NEWS & MEDIA
IMAJINE THAT AMONG ICIC AND FORTUNE'S INNER CITY 100 WINNERS
PRESS RELEASE - September 23, 2016
Annual ranking showcases the fastest-growing urban businesses in America.
LAWRENCE, MA – The Initiative for a Competitive Inner City (ICIC) and Fortune have announced that Imajine That had been selected for prestigious 2016 Inner City 100 list. This recognition places Imajine That in an exemplary lineage of nearly 900 fast-growing and innovative inner city businesses.
ICIC’s Inner City 100 is an annually compiled and released list featuring high-power, high-potential businesses from around the country with headquarters in inner cities. Each company is selected by ICIC with help from a national network of nominating partners who seek to identify, spotlight, and further enable the named companies’ innovative urban entrepreneurship. Ranked by revenue growth, the esteemed recipients go on to have their names published in Fortune.
Imajine That ranked 45th overall on the list of 100. Imajine That, which provides education and enrichment programs for children through an experiential museum in Lawrence, pop-up programming in the Lawrence and Boston Public Schools, and daylong, family engagement preschool programs, reported 2015 revenues of $1.94 million and a five-year growth rate of 282 percent from 2011-2015.
The full list can be viewed on the Fortune website here.
In addition to announcing the list, company CEOs were invited to gather for a full-day event featuring thought-provoking sessions, insightful leadership advice, and robust networking opportunities. Past winners have reported meeting future multi-million dollar investors as a result of appearing on the Inner City 100 list and attending the accompanying colloquium.
The rankings for each company were announced at the Inner City 100 Conference and Awards Ceremony on Wednesday, September 14, 2016 at the Aloft Hotel in Boston, MA. Before the awards celebration, winners gathered for a full-day business symposium featuring management case studies from Harvard Business School professors and interactive sessions with top CEOs. Keynote speakers at this year’s event included Interim CEO of Staples Shira Goodman, Chairman and CEO of Pinnacle Group and Inner City 100 alumnus Nina Vaca, and Harvard Business School Professor and ICIC Founder and Chairman Michael E. Porter. Other speakers included Corey Thomas, CEO of Rapid 7, Loren Feldman of Forbes, Lynda Applegate and Amy Edmondson from Harvard Business School, John Stuart of PTC, Robert Wallace, CEO of Bithenergy, and Brook Colangelo of Houghton Mifflin Harcourt.

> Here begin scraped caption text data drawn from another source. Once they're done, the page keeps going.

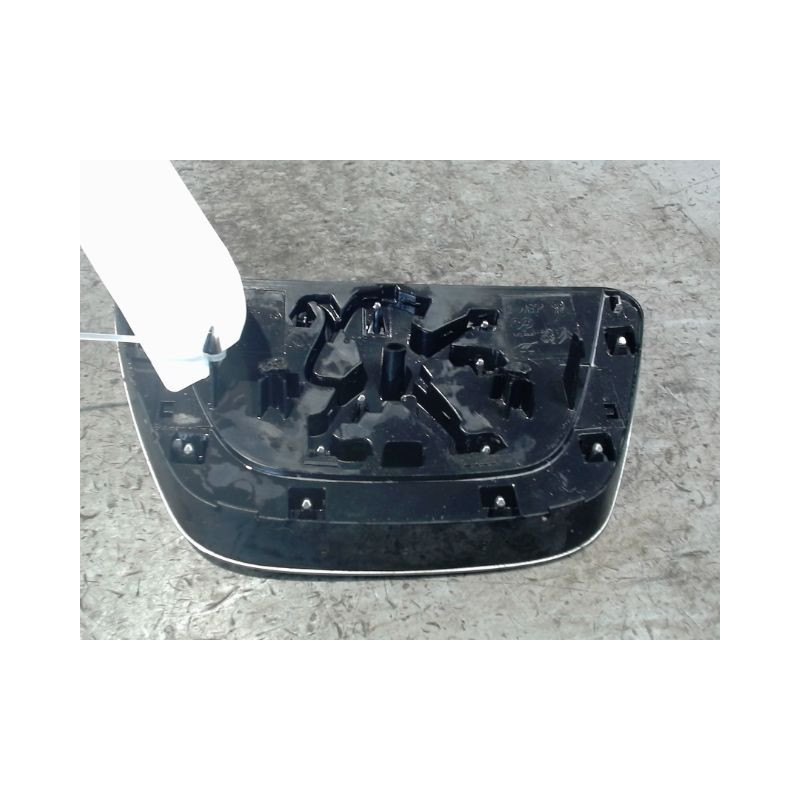 SIGLE CALANDRE PEUGEOT 307 CC 2005-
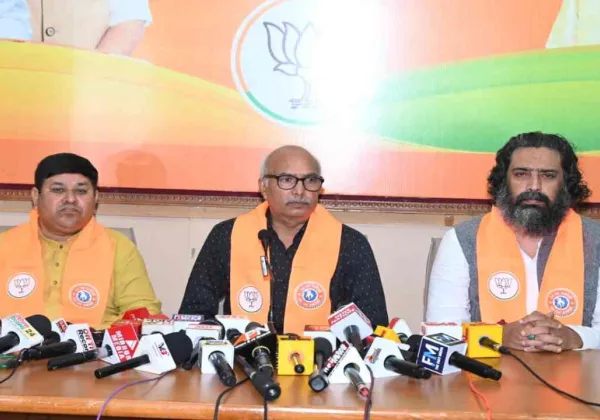 झारखंड में अधिकारी बेलगाम, मुख्यमंत्री की चुप्पी से प्रशासनिक अराजकता बढ़ी: प्रदीप सिन्हा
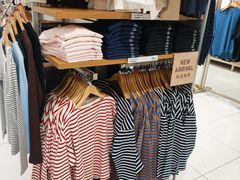 -优衣库(上海正大广场店)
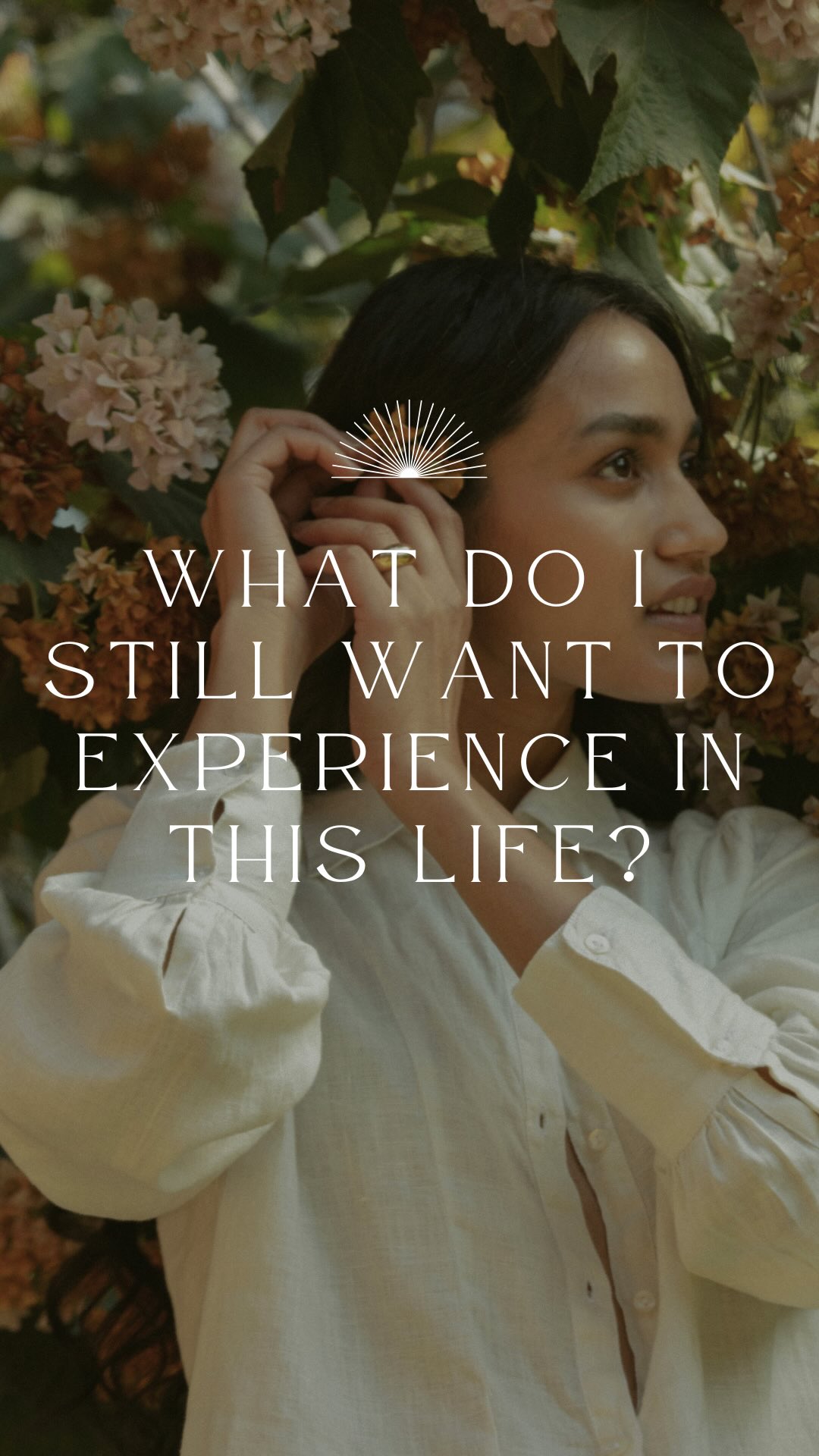 ✏️ Journal Prompts
1️⃣ What do I want to experience?
2️⃣ Prioritize it (make numbers behind it on a scale of 1 to 10 what seems most meaningful to you right now)
3️⃣ Then prioritize 1 to 3 goals for the beginning (or even better: just one and actually start with it ;) )
4️⃣ I would so so so love it if you would actually dare to share one of your goals with me in the comments 🥹❤️😍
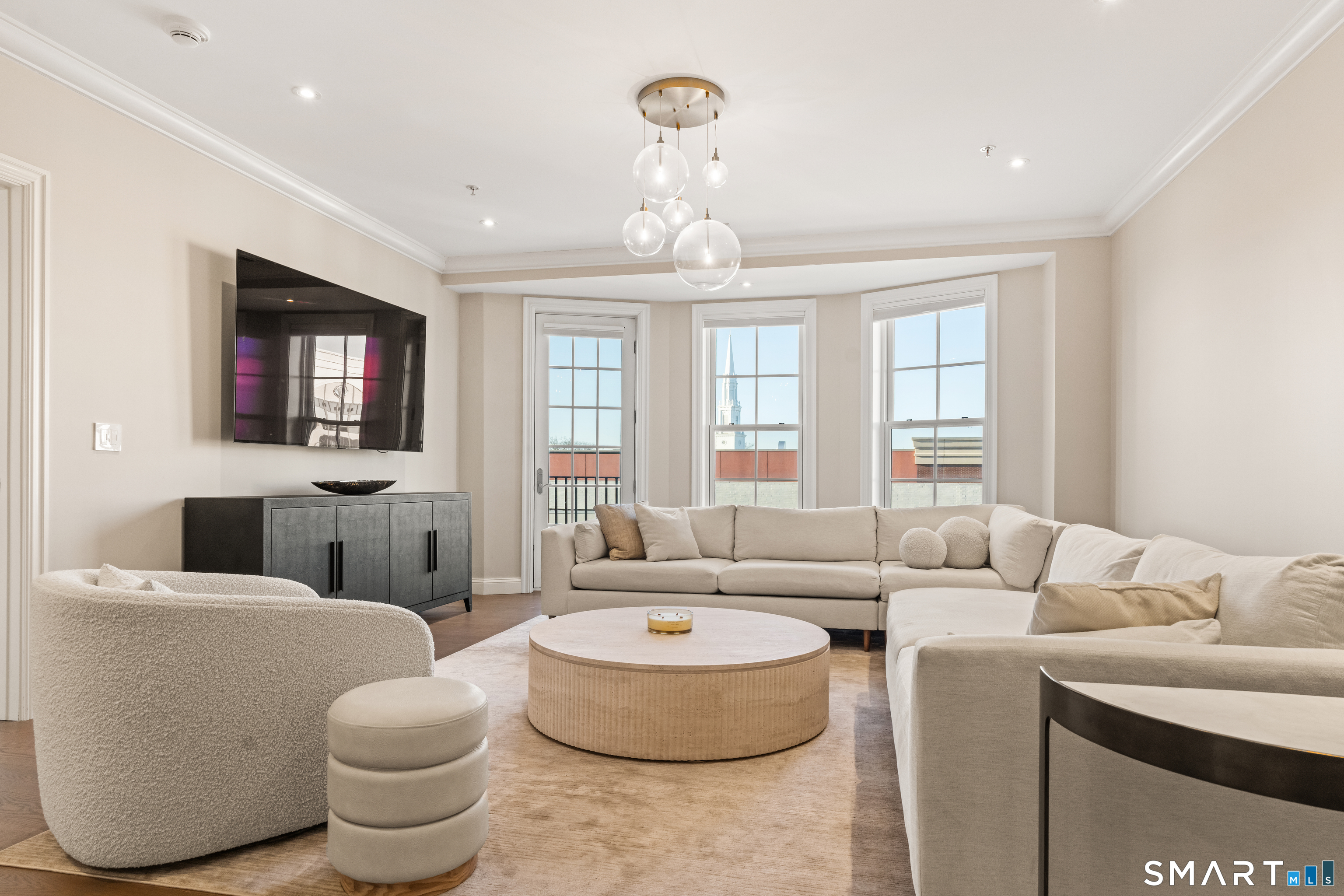 85 Memorial, West Hartford, 06107, 2 Bedrooms Bedrooms, 0 ,2 BathroomsBathrooms,Condo/co-op For Sale,For Sale,Memorial,0,24159685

Of particular note, ICIC inducted 14 businesses into the Inner City 100 “Hall of Fame” as homage to these companies’ successive growth achievement of five or more years. For only the second time in ICIC’s history of 18 years a business has made the Inner City 100 for the 10th time: Raining Rose of Cedar Rapids, IA. Such consistent appearances affirm the resilient upwards trajectory of, and demonstrated need for, local inner city businesses like the ones celebrated on this year’s list.
“We are extraordinarily proud of these pioneering entrepreneurs who lead the way in economic revitalization in America’s inner cities,” says Steve Grossman, CEO of ICIC, of the list of 100.
The Inner City 100 program recognizes and supports successful inner city business leaders, and celebrates their role in providing innovation and job creation in America’s cities. These companies strengthen local American economies, provide job opportunities for underrepresented communities, and drive forward economic and social development.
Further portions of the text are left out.